▸ **TASK STATEMENT**: From the first line to the last, copy the data exactly and drop the pictures.

▸ **RECORDS SHOWN**:
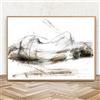Grande Quadro Su Tela Astratto HKDGOKA, 74x147 Cm, Tonalità Blu Con Dettaglio Oro, Impermeabile, Pronto Da Appendere - 4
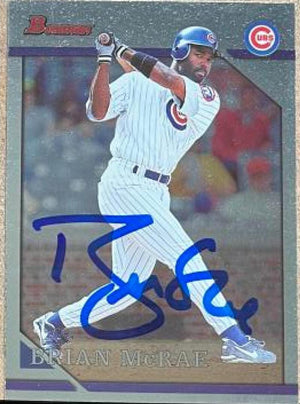Brian McRae Signed 1996 Bowman Foil Baseball Card - Chicago Cubs - PastPros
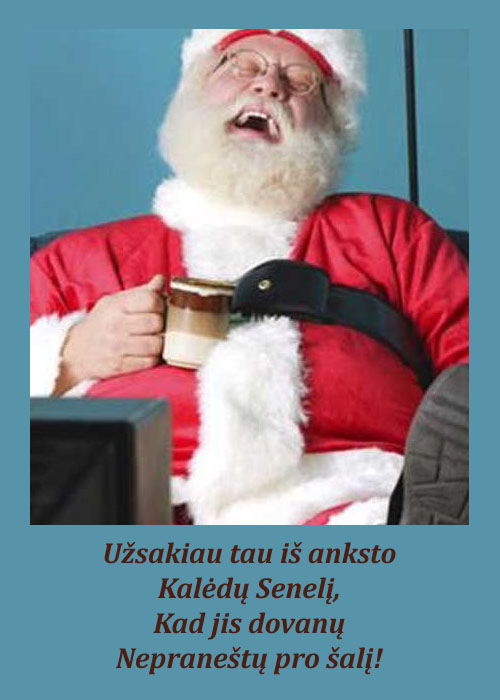 linksmas šventinis atvirukas su linkėjimais kalėdoms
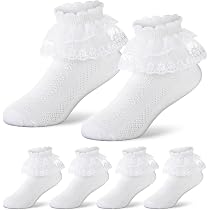 6 Paires De Chaussettes à Volants Dentelle Pour Fille 4-6 Ans - Coton Et Polyester, Blanc, Pour Ballet, Baptême, école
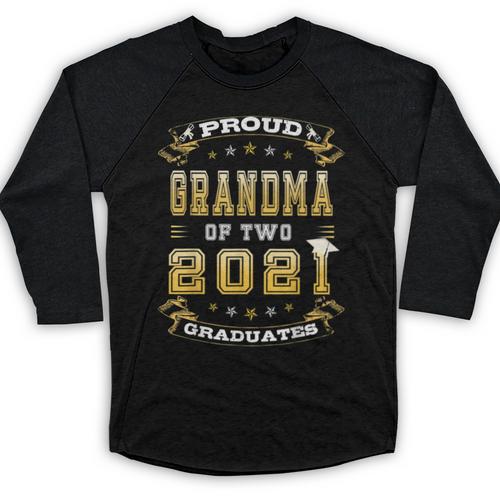 Graduation Proud Grandma Of Two 2021 Graduates High School Baseball Raglan Shirt - Best Gift Smart
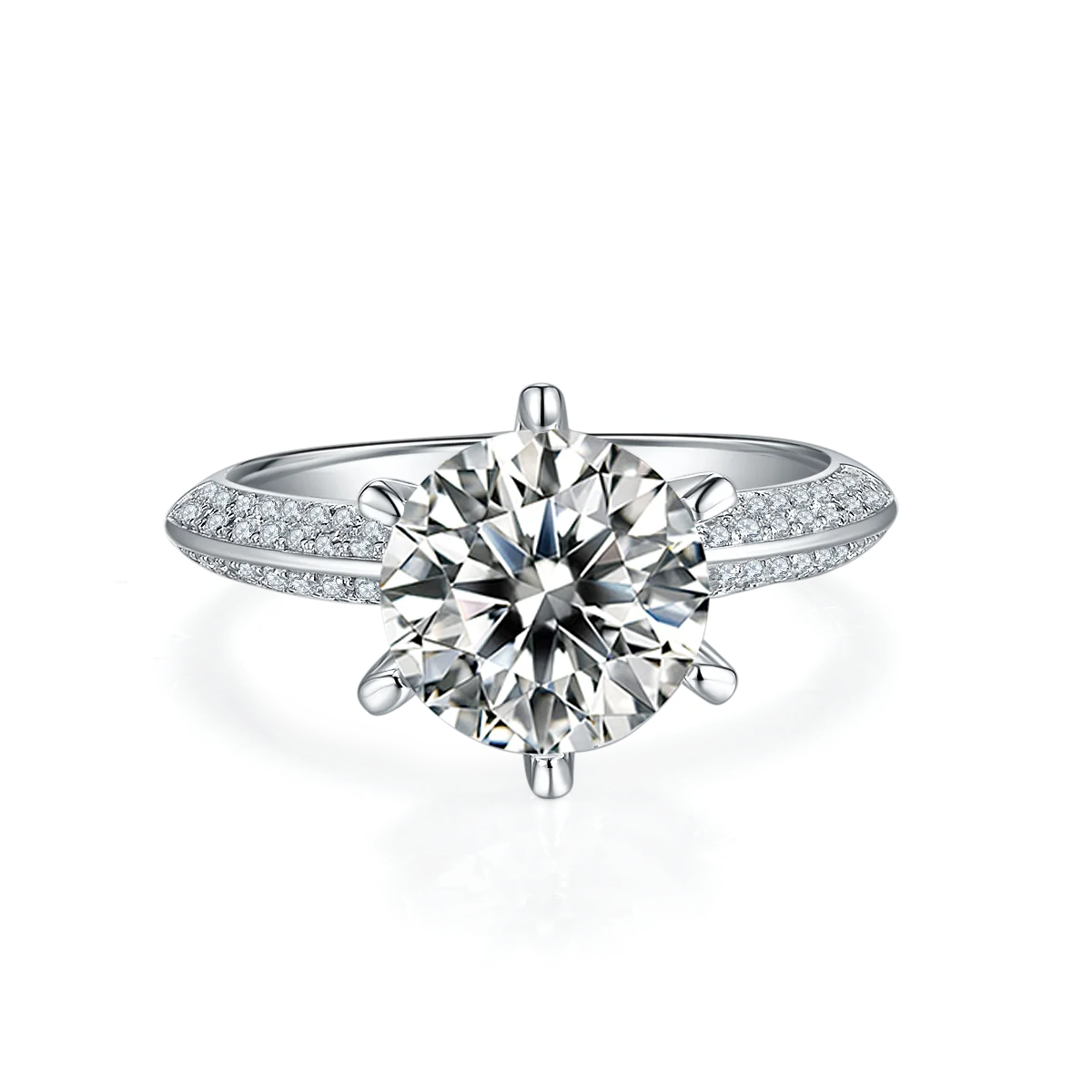 3ct Round Moissanite Solitaire Ring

▸ **RESULT OF THIS TASK**:
Grande Quadro Su Tela Astratto HKDGOKA, 74x147 Cm, Tonalità Blu Con Dettaglio Oro, Impermeabile, Pronto Da Appendere - 4
Brian McRae Signed 1996 Bowman Foil Baseball Card - Chicago Cubs - PastPros
 linksmas šventinis atvirukas su linkėjimais kalėdoms
 6 Paires De Chaussettes à Volants Dentelle Pour Fille 4-6 Ans - Coton Et Polyester, Blanc, Pour Ballet, Baptême, école
 Graduation Proud Grandma Of Two 2021 Graduates High School Baseball Raglan Shirt - Best Gift Smart
 3ct Round Moissanite Solitaire Ring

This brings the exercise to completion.